Now, if such passages were many and pervasive, and the parenthetical remarks appeared at odd places in all three synoptics, and if all three always or nearly always carried the same passages, this could become a compelling argument. But as we consider the best examples, I just don't see that this is the case.
Instead, the most that this argument, as it stands, can prove is that a few isolated passages were based on similar sources - potentially many of them. The choice Stein offers between "coincidence" and "one common written source" in his quote is surely a false dilemma; there is a tremendous among of middle ground available.
4. Luke's Prologue
Stein quotes Luke's famous introduction:
"Inasmuch as many have undertaken to compile a narrative of the things which have been accomplished among us, just as they were delivered to us by those who from the beginning were eyewitnesses and ministers of the word, it seemed good to me also, having followed all things closely for some time past, to write an orderly account for you, most excellent Theophilus, that you may know the truth concerning the things of which you have been informed." (p 42) (italics mine)
He gathers from this that:
"Luke no doubt 'followed' these things via these written narratives as well as the oral traditions available to him. The common agreement in Luke's 'narrative of the things which have been accomplished among us' with the other synoptic Gospels strongly suggests the use of a common source."
As an argument, this is particularly curious. Note that there is nothing in Luke's actual statement which offers the slightest evidence of "one common written source" of the synoptics (only that there were several written sources). Stein's contention is simply that the common agreement, established by the earlier arguments, which provides this evidence! And so this is not an independent argument at all.

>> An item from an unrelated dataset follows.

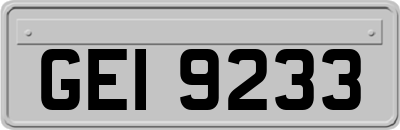 GEI9233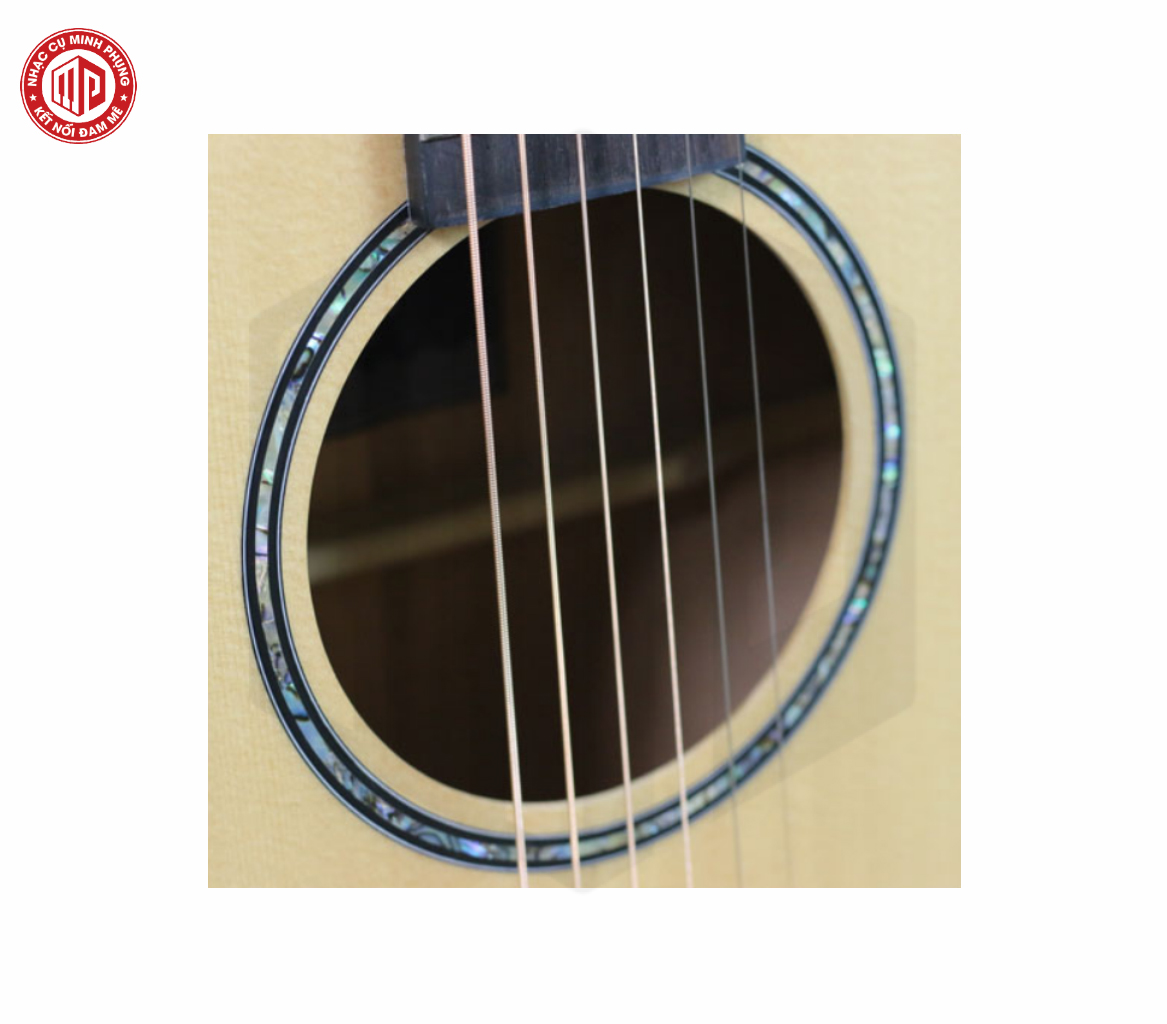 Đàn Guitar Acoustic Hex D350CE - Hàng chính hãng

Second, it should be noted that Luke's statement actually argues against the "one common written source" hypothesis. Luke specifically says that "many" have written such accounts. Even if "many" doesn't mean 20 or 30 or 50, it surely means more than one. As Stein himself points out, "following" these things includes collecting oral tradition, and in my view quite possibly interviewing the eyewitnesses personally.
Luke certainly in this very prologue had the opportunity to clarify this issue. He could easily have said, for instance, something like this: "Whereas an excellent narrative of the Lord's deeds (by Mark) has been published among the brethren, I thought it beneficial to enhance and supplement his story with an account of the Lord's words as well." But he doesn't - he merely lumps the "many" sources together, which would tend to support a multiple-source view (such as SSEC) rather than a direct literary dependence theory.

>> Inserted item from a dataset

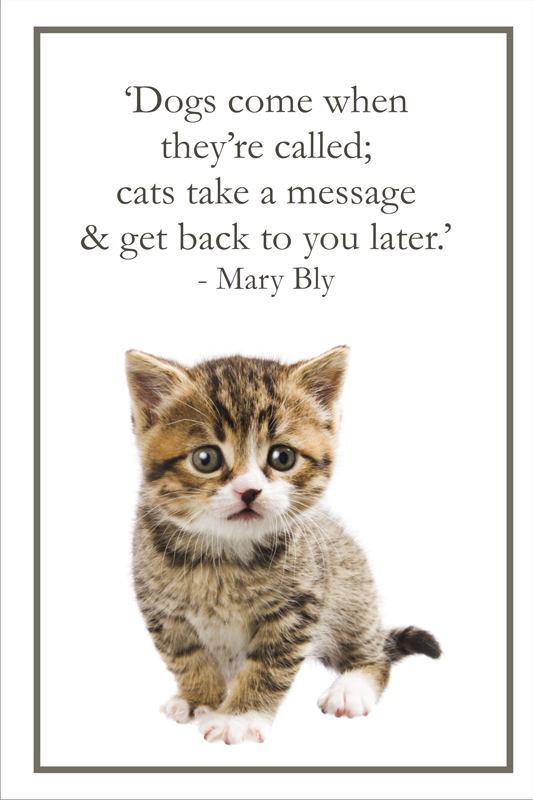 Cat Sayings Quotes Quotesgram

Surprisingly, Stein - in a much later part of his book where he is trying to explain the Matthew/Luke disagreements against Mark - goes out of his way to actually argue for many sources:
"It would be foolish to think that the only materials available to the Evangelists were one or two written sources. It would even be wrong to think that they possessed only a specified number of written sources. Since we know that the gospel traditions continued to be passed on in oral form for many years after our Gospels were written, we should not think that Matthew and Luke had only written sources before them. On the contrary, they had along with these written sources an even more extensive oral tradition, which possessed a fairly established form." (p 126)
My conclusion is that the argument from Luke's Prologue is at best irrelevant -and at worst, undermines his thesis.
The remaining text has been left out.